The play is a set of vignettes following Alex (Ben Whatson) the bar owner who’s been burnt by his partner leaving him for the younger co-worker (the bar’s name, ‘Orphans’, could be a tie-in to the all-male, all love-seeking trio on the Propeller Stage); Matt (Tai Mackenzie) the gym guy with the crush from afar; Ryan (Will Moffatt) the over-thinking, over-analysing blogger; and Lee (Shane Murphy) the lawyer who can’t help but bed hot people who aren’t looking for anything more than what’s in his briefs.
Along the way we meet Gina (Catherine Zulver), Alex’s wise cracking barmaid who tells it like it is; Amanda (Jayne Grace), the Gym Receptionist who is the outgoing yin to Matt’s shy yang; Daniel (David Lancaster), visiting temptation for Lee; and Roberto (Chromatic Semitone), who turns Alex’s bar into a porno storyline.
Harris neatly avoids stereotypes within a format (Friends, Will & Grace, etc.) that usually pushes for it. The characters are well defined and separate, and each is deftly played by his actor. We’re in the territory of Boys In The Band meets Queer Folk meets Jeffrey meets Sex in The City – rhapsodizing around how to find the ‘real thing’ in the modern world of love and dating.
It is something of an indictment that a bunch of 20-somethings are forlornly seeing that 30 means they’re on the shelf, and that that is the age someone becomes a Daddy. As a 50-something Daddy I have a real good chuckle at that. And there are many great lines and moments in this comedy – luckily it never gets morose – keeping us amused at the insight and lack thereof of the characters. However some better direction would get us to the summative last scene with a better thump.
With so many short scenes it feels like I’m watching a TV script and I would have liked the characters to have more time to develop in front of my eyes. This is helped somewhat by direct address monologues. Tai Mackenzie’s tale of ‘The Showers’ is a gift from the playwright, so achingly written one suspects it is autobiographical, and beautifully acted with candid vulnerability. But I begin to yearn for a scene longer than two minutes.
The (uncredited) set creates locations around the stage for the scenes but the centre stage is dominated by two benches that force the actors to keep upstage. Mostly this works but there are times when the benches are simply in the way. The lights (Becky Thronton-Hoggs) are fine and adept but I wonder if more could be done to support the scenes.
Certainly more attention to sound is called for – in the Park (?) when Matt and Ryan meet I barely hear the birds and only then work out they are outside. Stronger offers here would work well, especially with the number of unsupported black outs which means loads of scuttling shoes in the dark.

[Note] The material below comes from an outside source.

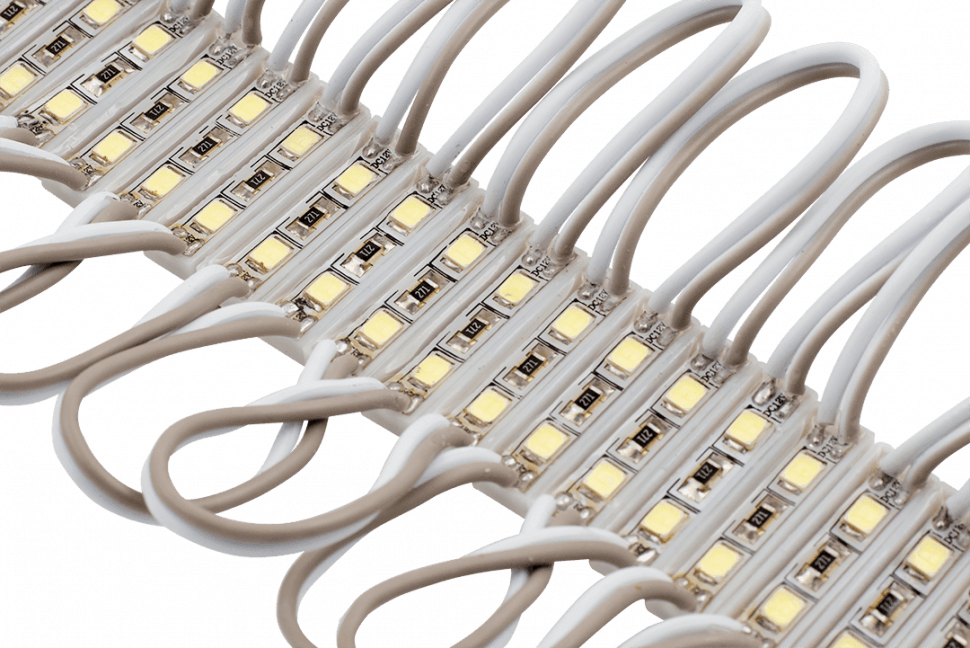 Модуль светодиодный SWG MD22-12-W фото 1 — Multielectrika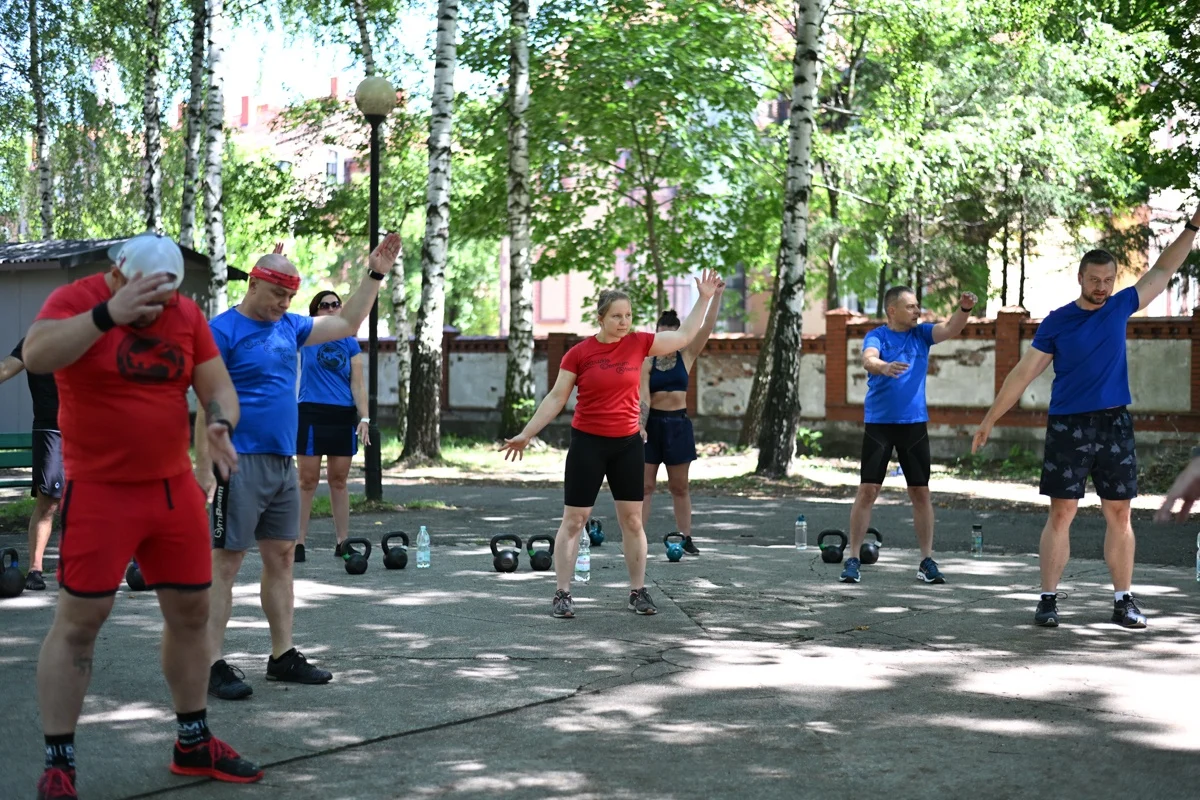 Ogród Śniadaniowy 24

Is this play saying anything new? My companions and I think not, but that is not to say it must. This is a solid script that gives voice to the male as he tries to find a relationship and how that feels. The expressing of this need of feeling in young men is an important voice and this is a play where it speaks well. I feel there is more to be mined here and wish another set of eyes other than the writer had directed it.
My companion and I agree this could be the first act of a longer, sturdier piece. We still have a good laugh and were touched by the honesty of this production. Well worth a look.